RNNs: Understanding differences of feeding sequence as a whole VS step-by-step

da-bu · October 28, 2019, 5:29pm

Hello,

I’m a bit lost with understanding what PyTorch does internally in these two variations of passing a sequence through an RNN model:

Version 1:
out, hidden = model(sequence)

Version 2:

for element in sequence:
    out, hidden = model(element, hidden)

In my understanding, version 1 and 2 should be the same - I’m just manually unrolling it over time in version 2. Version 2 also allows us to implement stuff like modifying the hidden state before passing it to the next timestep (which is what I would like to do for my use case), and also to train it without teacher forcing (by passing in the last “out” instead of “element”). However, I noticed that version 1 trains much faster (about 8x on my machine).

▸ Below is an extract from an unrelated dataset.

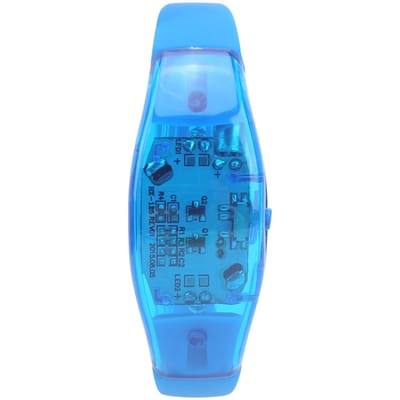 Nacht Hardlopen LED Armband Geluidsgestuurd Oplichtend Siliconen Knipperend Polsbandje voor FeestGroen blue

Question 1: Is version 1 faster simply because e.g. it has less forward-calls, or does PyTorch internally somehow parallelise something across timesteps (which I don’t see how it could do that given that the RNN’s computations depend on the output of the previous timestep)?

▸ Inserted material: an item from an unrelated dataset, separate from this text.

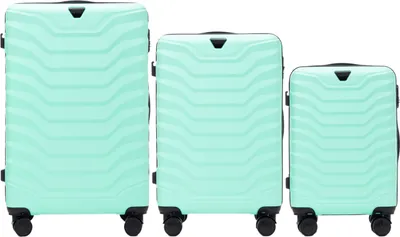 Produktbild von Wings PEAFOWL 3er Set Koffer hellgrün - ABS+ robuste Reisebegleiter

Question 2: More generally, is version 2 indeed the way to go if I need to train without teacher forcing or if I need to modify “hidden” between timesteps?

Thank you for your help!

JuanFMontesinos · October 28, 2019, 11:07pm

If you look at source code version 1 internally runs version 2.
There is a Base_RNN class or something like that. I cannot find it right now but at least it used to be like that. Anyway according to the theory it has to work like that. It cannot be paralelized .

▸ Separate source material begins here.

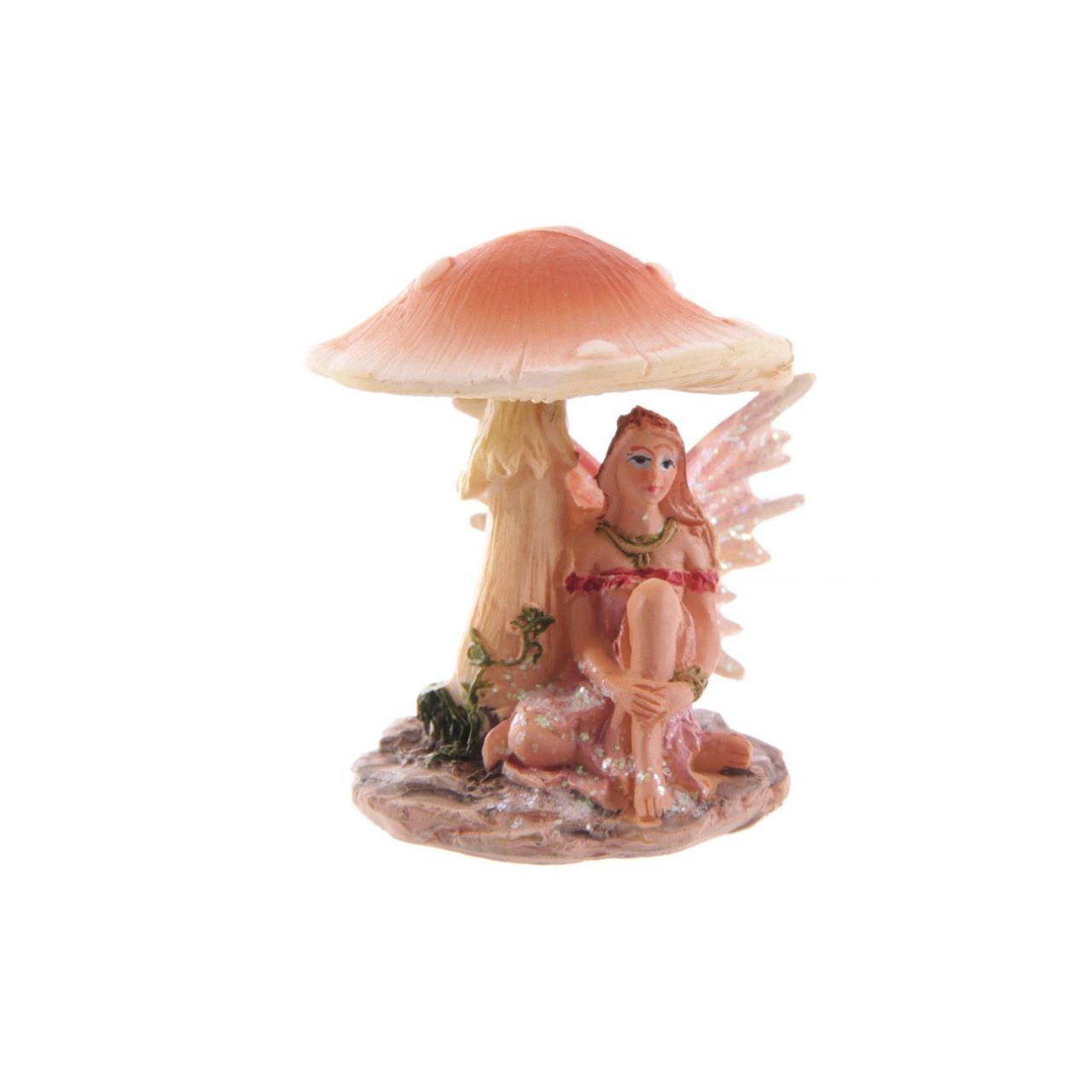 This beautifully crafted figurine features a delicate flower fairy resting under a charming mushroom. A lovely addition to any indoor space, this magical piece will bring a sense of whimsy and wonder to any environment. Truly a must-have for fairy enthusiasts and nature lovers alike.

da-bu · October 29, 2019, 6:47am

Thank you for your reply! What do you think causes the speed difference if V1 runs V2 internally?

tom · October 29, 2019, 8:28am

So the stock LSTM will use CuDNN which has been heavily optimized but is inflexible.
But the JIT can make custom RNNs almost as fast: Some of this is discussed in the LSTM with JIT blogpost and we also have optimizations for the backward.
You can look at the benchmark code to get ideas how to use them.

Best regards

Thomas

JuanFMontesinos · October 29, 2019, 10:33am

As I said it used to be like that, at least last time I checked source code but it seems it has been improved
Thanks @tom Awesome info as always